The twenty four odd players entering the academy would be on a full scholarship….
For Technical Director Karnagaran (Katz) Naidoo, setting up the Dempo Sports Club’s academy fulfilled a long standing desire. The South African born Confederation of African Football (CAF) “A” License holder and Senior Instructor has vast experience having served his nation both as a National Selector, Convenor of the National Youth Selectors and is widely recognized as a Football Youth Specialist Coach. The much travelled coach set up the Maritzburg United Football Development Programme which is a professional outfit in South Africa, had a stint in a Norwegian Academy of Vikings FC, which he still has close ties with, and has also done extensive research on Academies in the Netherlands on behalf of his National Body.

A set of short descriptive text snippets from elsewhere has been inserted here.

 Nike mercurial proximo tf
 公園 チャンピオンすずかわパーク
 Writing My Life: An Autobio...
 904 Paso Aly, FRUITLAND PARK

Yet, in spite of all this something was missing.
“Although I have travelled around the world and set up academies in South Africa and worked in different parts of Africa, Norway and The Netherlands, setting up this academy has given me immense satisfaction as it helped me give back to the country of my origin. Setting up Dempo’s latest investment in football has been immensely satisfying”, he said speaking about his newest creation. The South African would know a thing or two about producing players after being closely involved with the Transnet and Simba National Development Programmes, as well as the Transnet School of Excellence a National Academy for exceptional South African youth players, where notable figures like Steven Peinaar, Brice Moon, Brit Evans, Mubelo Oldjohn and many others emerged as national heroes playing at global platforms.
It would not be incorrect to say that Dempo Sports Club’s academy would be the best in the business- in line with the vision of club President Shrinivas Dempo. The academy would have a state of the art grass pitch to begin with and an artificial turf in the later stages along with an administrative block and the residential block where the players would reside in. The academy programme would be collapsible, meaning that the academic side would also given importance, training frequency would be in line with the school time-table, as Katz’s says that it is important that we don’t breed parasites, good footballers need good basic education because the industry has many financial streams after a footballer’s days come to end. There he sees education as insurance for the aspiring player.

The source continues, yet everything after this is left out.